In February this year some 120 passports were stolen from the Ipoh (Perak State) immigration office, Malaysian newspapers reported. Sources said thousands had been stolen from Sabah State in East Malaysia, and a prominent Dato' (a royal bestowed title) had been implicated with the illegal sale of passports to foreigners.

Brand new blank Malaysian passports are the most expensive in the illegal passport market of Bangkok.

They cost three to four times more than the usual fake passports where the photograph is tampered with and the illegal immigrant travels in the name of the original holder.

Ng Leong Huat's passport ended up in the hands of a North Korean leader of a counterfeiting gang who was masquerading as a Malaysian-Chinese businessman in Phnom Penh.

Traced investigations into thousands of fake U.S. dollars flooding Thailand and Cambodia last year led agents to a gang headed by Ng Leong Huat and the notorious Japanese Red Army member Yoshimi Tanaka, who hijacked a Japan Airlines plane to North Korea in 1970.

A year ago Tanaka was arrested in Cambodia with two north Korean diplomats. The diplomats were released but Tanaka was extradited to Thailand. He is in Chonburi prison undergoing trial for counterfeiting money. "Ng Leong Huat" escaped back to North Korea.

With a photocopy of Ng Leong Huat's passport obtained in Phnom Penh, DPA was able to trace the real Ng Leong Huat to his home town of Kuala Kedah.
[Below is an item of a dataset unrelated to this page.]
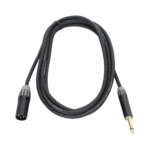 Cable de Audio | XLR 3 Polos Macho a Plug 1/4 in mono | Conector Seetronic Serie M SCMF3 - MP2X | Longitud 3m - Image 2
While many criminals have been able to obtain and travel with Malaysian passport that have been tampered with, the North Koreans had apparently gone one step further by getting a passport whose original holder looked exactly like their agent.

Cambodian immigration officers testified Ng's passport was completely genuine, untampered and officially issued by the Malaysian authority. This had led investigators to believe that the leader of the counterfeit gang was a Malaysian.

The case of Ng Leong Huat's passport revealed for the first time the sophisticated methods of the North Korean agents who, via contacts with the Chinese network in Bangkok, had managed to get the best Malaysian passport money could buy.

Operating out of Cambodia where Malaysians are given free visa entry and unlimited stay, because of North Korea's special relations with King Norodom Sihanouk, would be the natural choice for the incognito gang, especially for disposing of counterfeit dollars.